Review | Knock at the Cabin | 2023
Leonard (Dave Bautista), Adriane (Abby Quinn) and Sabrina (Nikki Amuka-Bird) in Knock at the Cabin, directed by M. Night Shyamalan. |
The career of M. Night Shyamalan has been a fascinating one to follow. Once named Hollywood's new golden child after the success of The Sixth Sense (1999), Shyamalan soon became synonymous with twist endings that left audiences increasingly disappointed. Despite the box office success of Signs (2002) and The Village (2004), by the time we reached Lady in the Water (2006) and The Happening (2008), audiences had seemingly had enough. And after a pair of big budget sci-fi/fantasy flops in The Last Airbedner (2010) and After Earth (2013), it seemed that Shyamalan's name had become box office poison.

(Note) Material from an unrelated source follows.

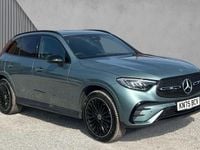 Used Mercedes GLC300e Urban 313 HP (230 kW) 2025 Verde silver metallic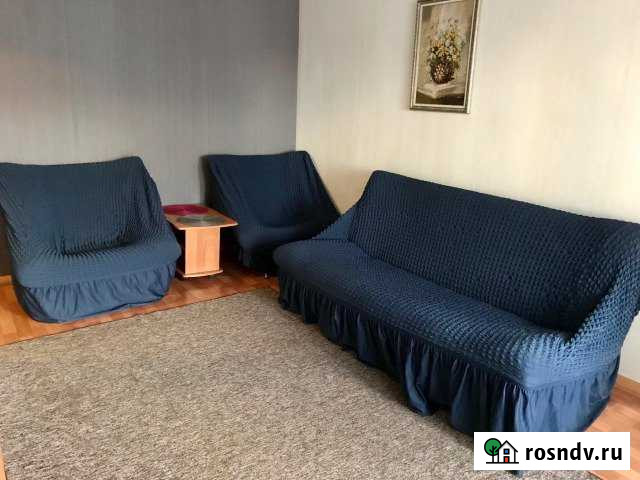 2-комнатная квартира, 44 м², 2/4 эт. в аренду посуточно в Петропавловске-Камчатском Петропавловск-Камчатский - изображение 1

So the filmmaker reinvented himself, returning in 2015 with the low budget, found footage thriller The Visit, adopting a B-movie aesthetic that eschewed his trademark twist endings for tightly controlled, lower budget, high concept thrillers. The result has been reinvigorated filmmaker, seemingly liberated from the expectations of surprise endings, able to explore the themes that interest him in a more honest and thoughtful way. Indeed, some of his most interesting work has been in this late period renaissance.His latest film, Knock at the Cabin, is a rare Shyamalan film that isn't an original work, adapted from the novel "The Cabin at the End of the World" by Paul Tremblay. The story centers around a family on vacation at a secluded cabin who are confronted by four armed strangers and told that if they do not choose one of them to die, the world will end. Are they simply religious zealots driven by a shared delusion? Or are they truly the harbingers of the apocalypse that they claim to be? As the clock ticks closer to doomsday, impossible decisions must be made as the two men and their daughter struggle to come to terms with the intruder's outlandish tale, and their dogmatic certainty that they are there to save humanity.
It's ultimately a film that asks how much you'd be willing to sacrifice to save the world - and some of Shyamalan's favorite themes of faith and family are front and center. There are few contemporary filmmakers that have such a formal mastery of classical Hollywood style, and Shyamalan deserves to be regarded in the same pantheon as Spielberg for his instinctual knowledge of how to move a camera and how to create suspense, even in a claustrophobic one-room setting. Knock at the Cabin showcases some of Shyamalan's strongest late-period work. His greatest weakness as a filmmaker has always been his writing, but here the characters are strongly developed and given full lives of their own, allowing us to identify with both the besieged family and their desperate kidnappers.
The film is undercut, however, by its overly expository ending, which removes any ambiguity from the story and ties a neat little bow on an otherwise uneasy and conflicted film. By revealing whether or not the zealots are "right," Shyamalan resolves the main conflict in a way that isn't particularly satisfying and will likely divide viewers. Knock at the Cabin is a tentative return to Signs-era form for Shyamalan, but it stops just short of being great by spelling itself out a little too neatly for its themes to truly resonate.